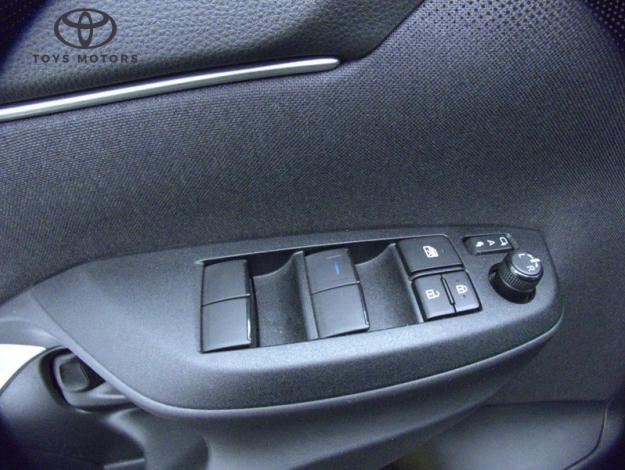 TOYOTA Yaris Cross 1.5 HYBRID 116H DESIGN / PACK CARGO  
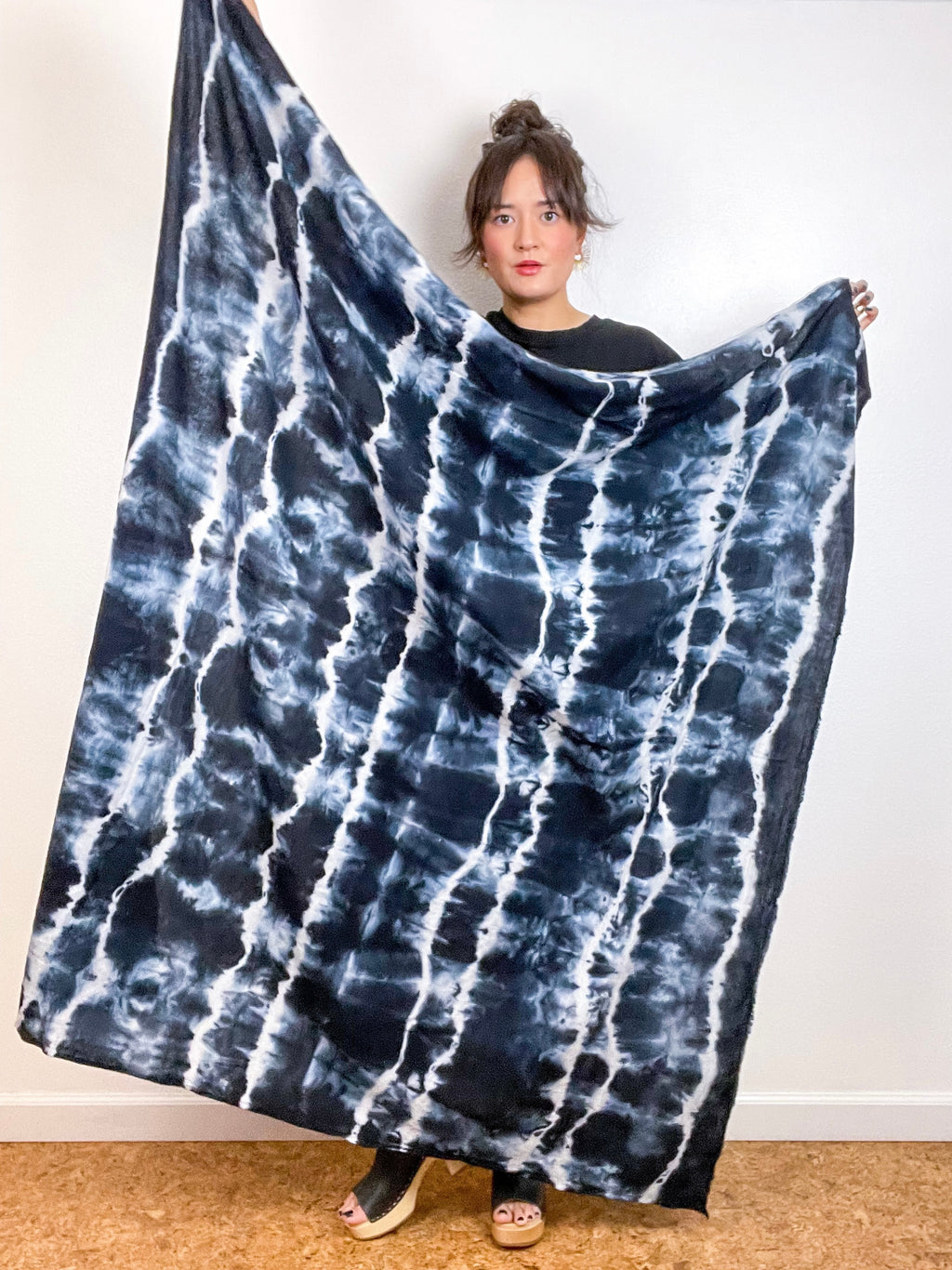 Hand-Dyed Gauze Blanket Scarf Black Lines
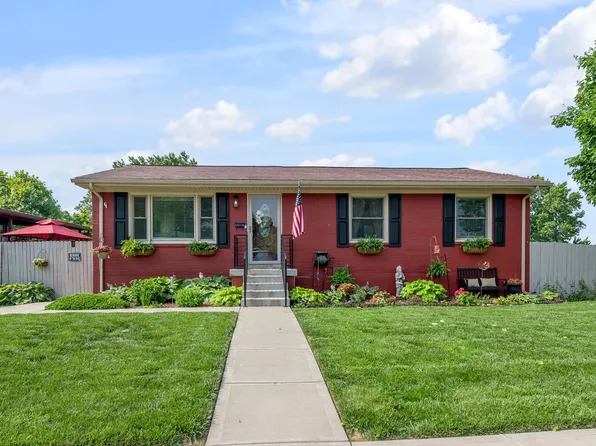 208 Westmoreland Ct, Georgetown, KY 40324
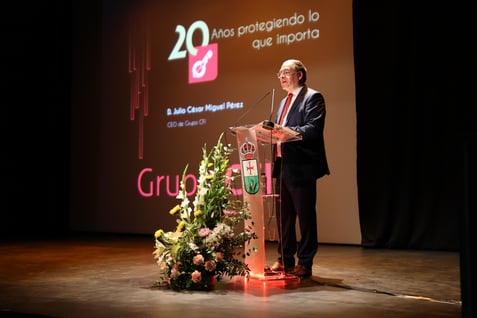 Do Julio César Miguel - 20 aniversario Grupo CFI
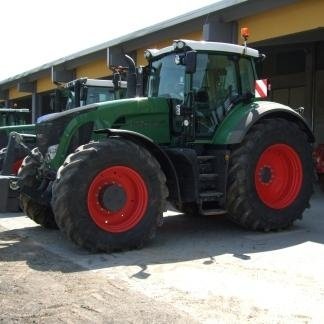 Trattore per lavori agricoli meccanizzati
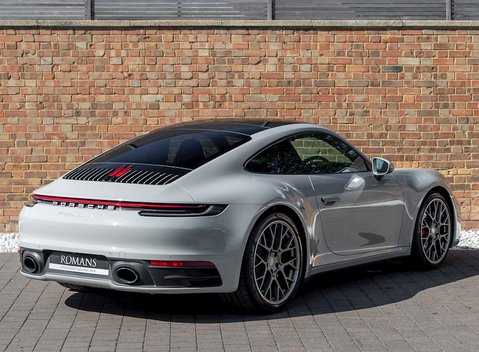 Porsche 911 (992) Carrera 4S 7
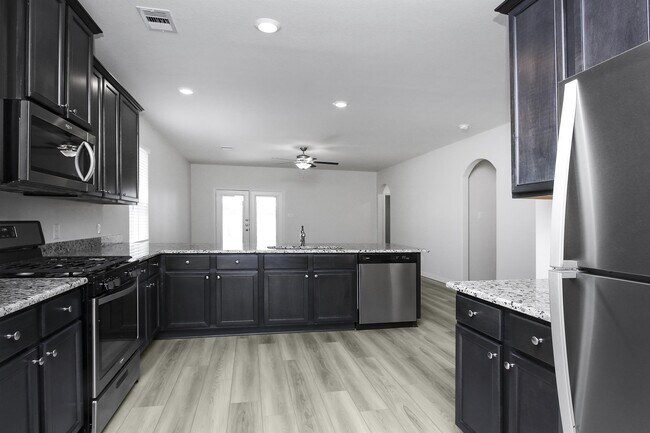 Foto del edificio - 444 Lone Rider Dr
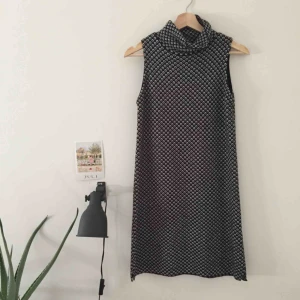  - Ärmlös klänning med polokrage, inköpt secondhand. 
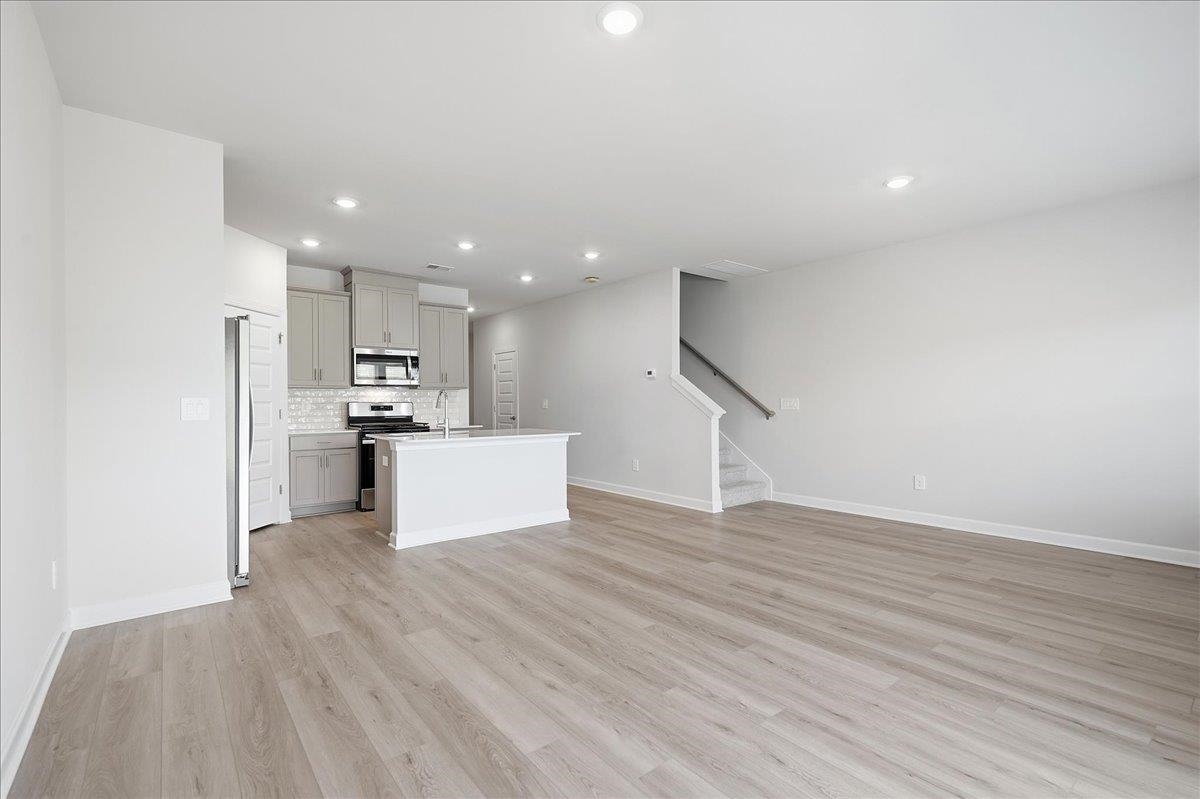 435 Blissful Court Property Photo 8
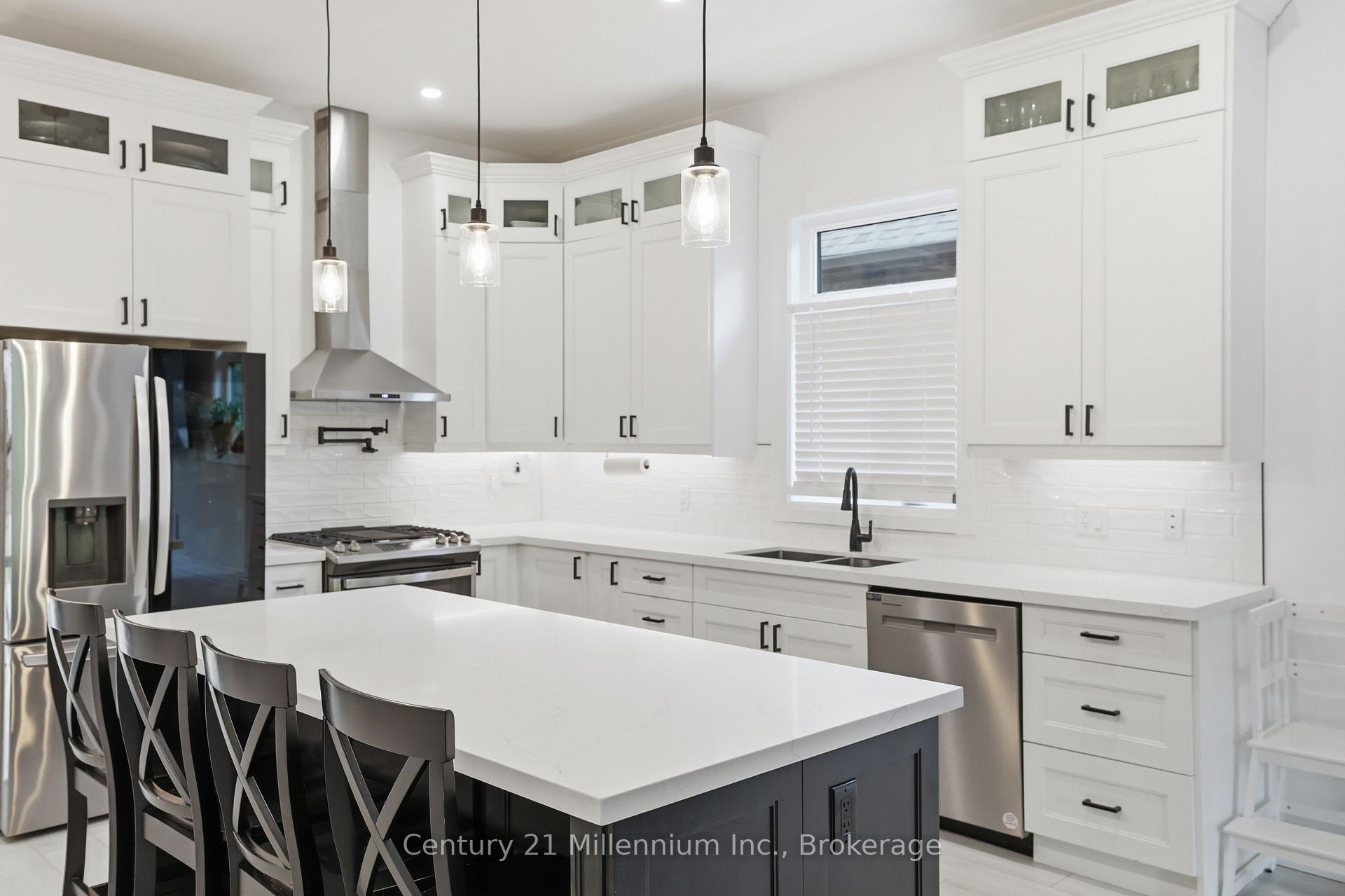 Photo 10 of 113 Smallman Drive, Wasaga Beach — HOMEH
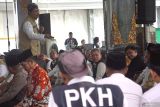 Menteri Sosial (Mensos) Saifullah Yusuf saat dialog dengan pilar-pilar sosial dan sosialisasi program prioritas Presiden Prabowo Subianto di Pendopo Kabupaten Jombang, Jawa Timur, Minggu (9/3/2025). Kunjungan Mensos itu untuk menyamakan frekuensi terhadap program prioritas Presiden Prabowo Subianto, salah satunya mengentaskan kemiskinan, dengan target nol persen untuk beberapa tahun kedepan paling lambat 2026. Antara Jatim/Syaiful Arif/um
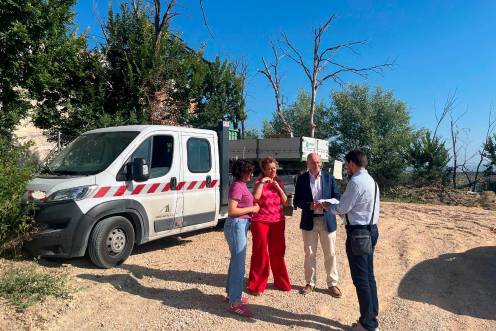 <i>José Luis Hidalgo, junto a la diputada Isabel Uceda y la alcaldesa María del Carmen Torres, visita las obras. / Diputación de Jaén.</i>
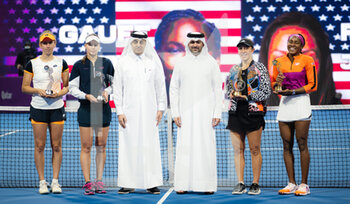 2022-02-25 - Elise Mertens of Belgium & Veronika Kudermetova of Russia and Jessica Pegula of the United States & Cori Gauff of the United States with their trophies after the doubles final of the 2022 Qatar TotalEnergies Open, WTA 1000 tennis tournament on February 25, 2022 at Khalifa tennis and squash complex in Doha, Qatar - 2022 QATAR TOTALENERGIES OPEN, WTA 1000 TENNIS TOURNAMENT - INTERNATIONALS - TENNIS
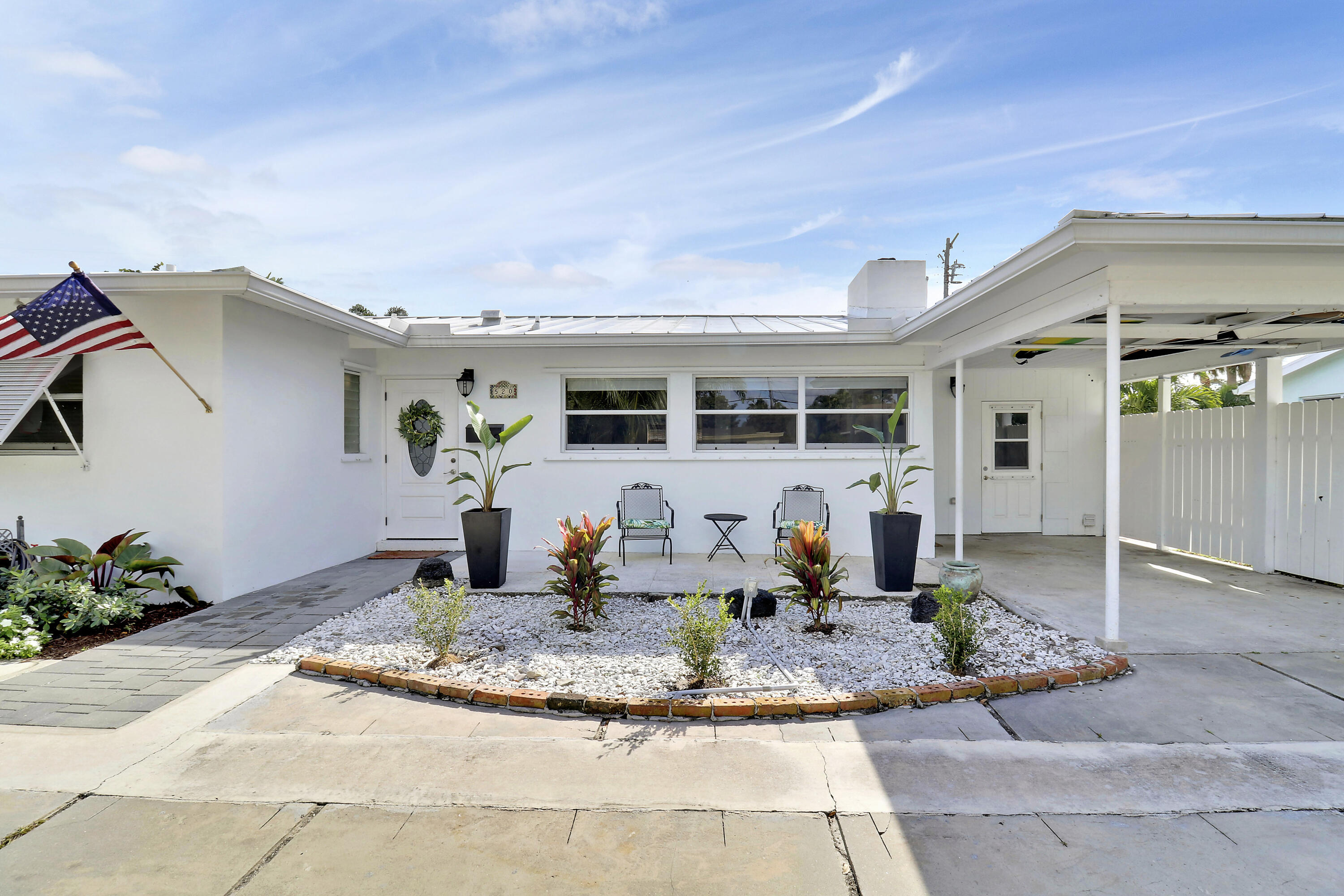 520 Inlet Road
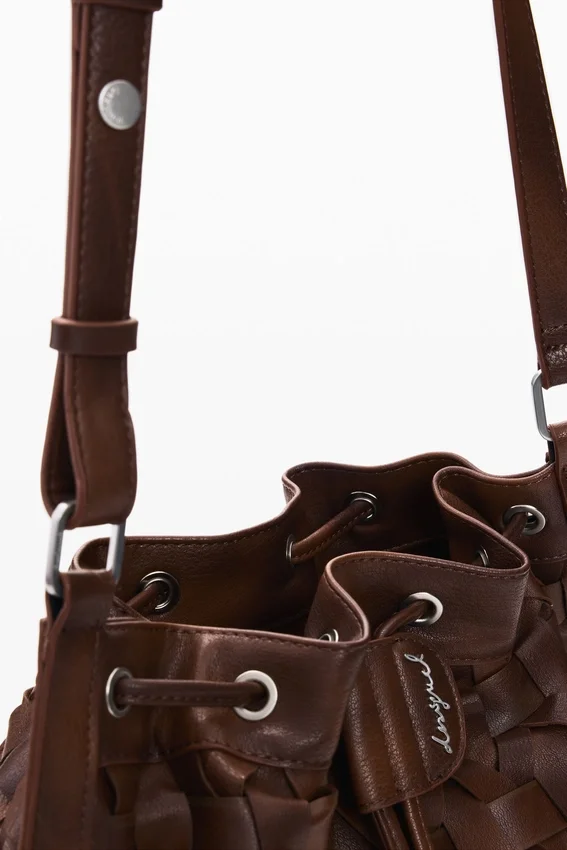Mittlerer geflochtener Rucksack mit Kordelzug Mittlerer geflochtener Rucksack mit Kordelzug
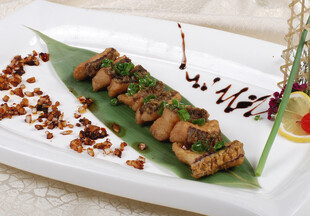 香酥炸物配坚果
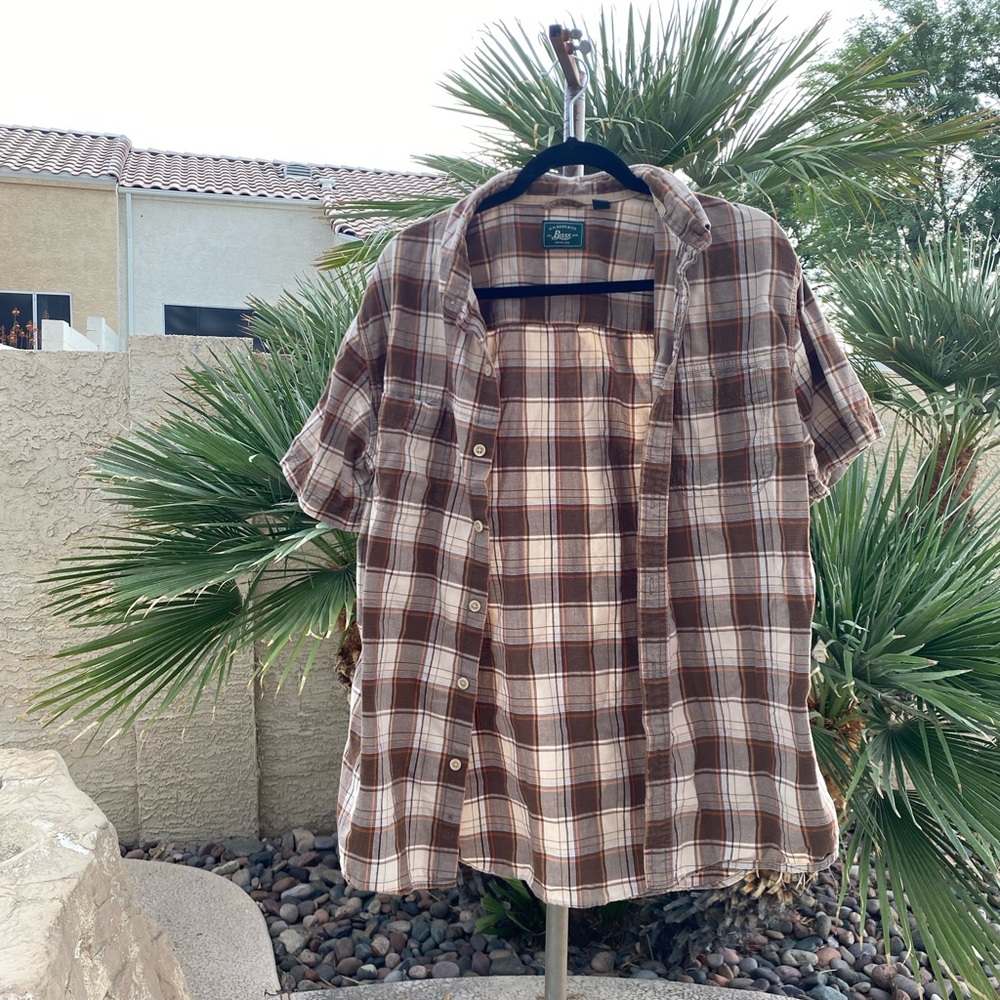 🎉 G.H Bass and co Brown Plaid Button Up L 🎉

■ ■ ■ ■ ■

→ **PROBLEM DESCRIPTION**: Give exactly those lines of the listing that run from its first line through the line with "Photo 10 of", leaving each picture out.

→ **YOUR RESPONSE**:
 TOYOTA Yaris Cross 1.5 HYBRID 116H DESIGN / PACK CARGO  
 Hand-Dyed Gauze Blanket Scarf Black Lines
 208 Westmoreland Ct, Georgetown, KY 40324
 Do Julio César Miguel - 20 aniversario Grupo CFI
 Trattore per lavori agricoli meccanizzati
 Porsche 911 (992) Carrera 4S 7
 Foto del edificio - 444 Lone Rider Dr
  - Ärmlös klänning med polokrage, inköpt secondhand. 
 435 Blissful Court Property Photo 8
 Photo 10 of 113 Smallman Drive, Wasaga Beach — HOMEH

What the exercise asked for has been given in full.